━━━ DATA SUPPLIED ━━━
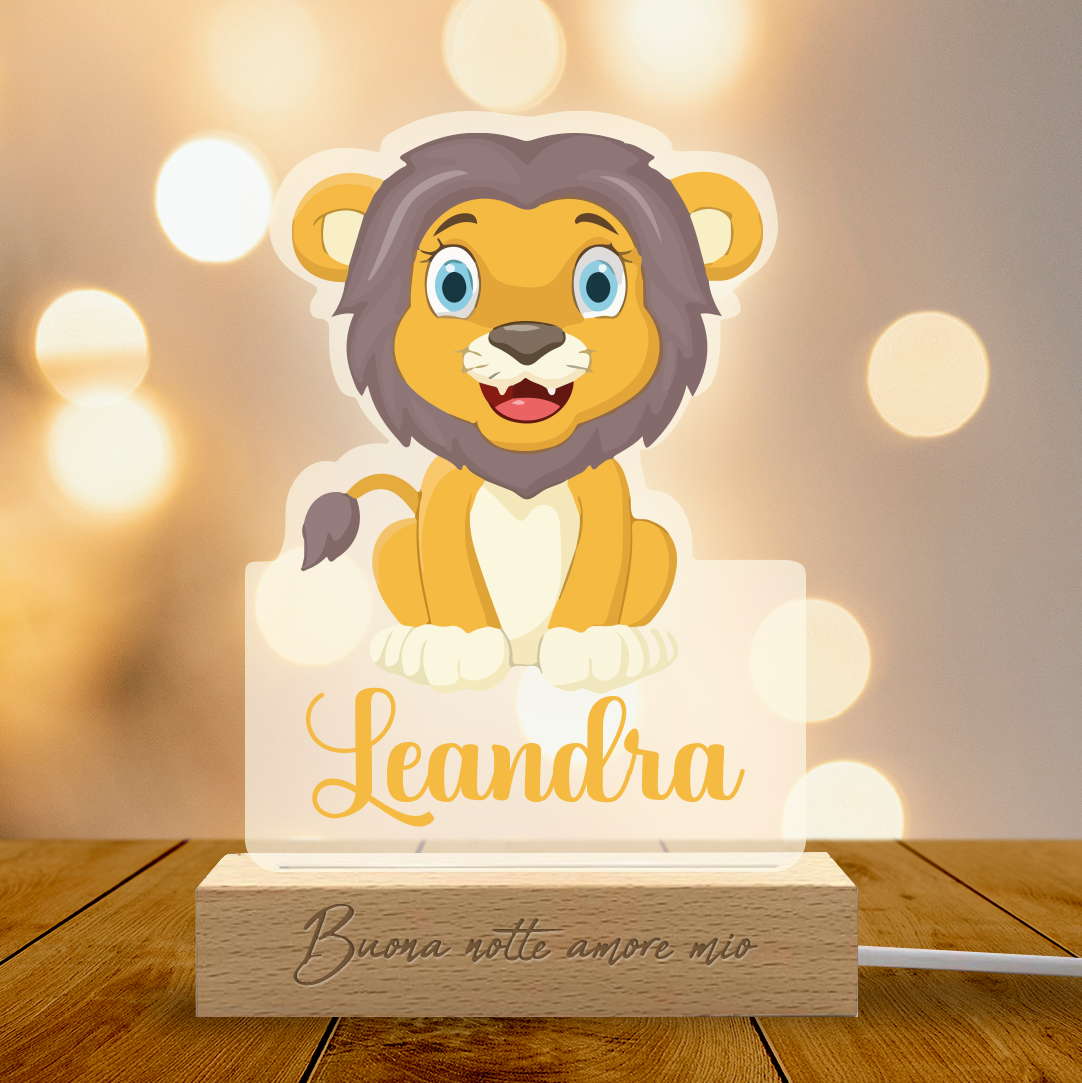 Lyon King - Lampada - Plexiglass personalizzata con nome e frase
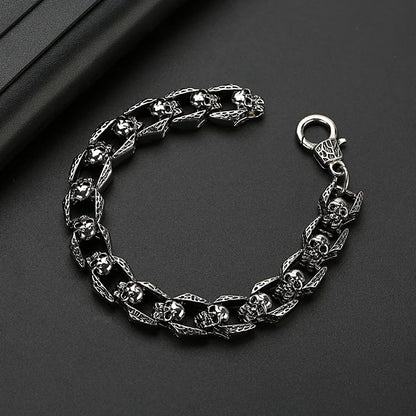 Fashion Punk Skull Head Titanium Steel Men's Bracelet Vintage Rock Motorcycle Bracelet Jewelry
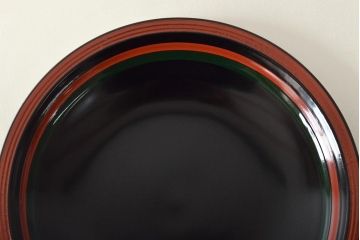 平安象彦　黒塗縁独楽塗　銘々皿　共箱(R-045603)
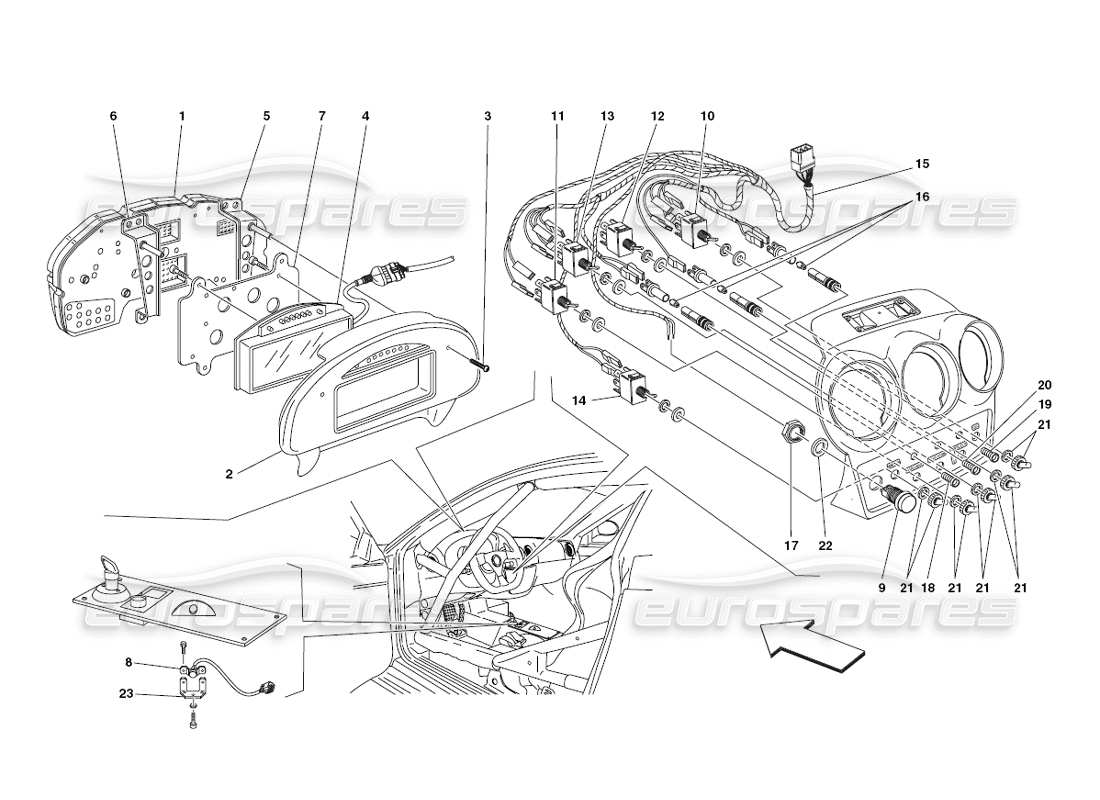 ferrari 430 challenge (2006) instruments part diagram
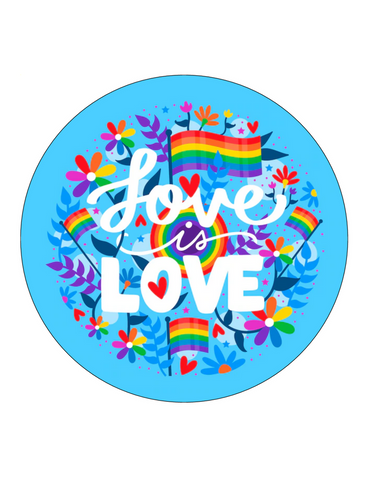 PRIDE LOVE 7.5" ROUND RICE WAFER PAPER EDIBLE PREMIUM CAKE TOPPER LGBTQ D6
━━━
Although the records contain pictures, the copy should hold only their text, reproduced exactly.

 Lyon King - Lampada - Plexiglass personalizzata con nome e frase
 Fashion Punk Skull Head Titanium Steel Men's Bracelet Vintage Rock Motorcycle Bracelet Jewelry
 平安象彦　黒塗縁独楽塗　銘々皿　共箱(R-045603)
 ferrari 430 challenge (2006) instruments part diagram
 PRIDE LOVE 7.5" ROUND RICE WAFER PAPER EDIBLE PREMIUM CAKE TOPPER LGBTQ D6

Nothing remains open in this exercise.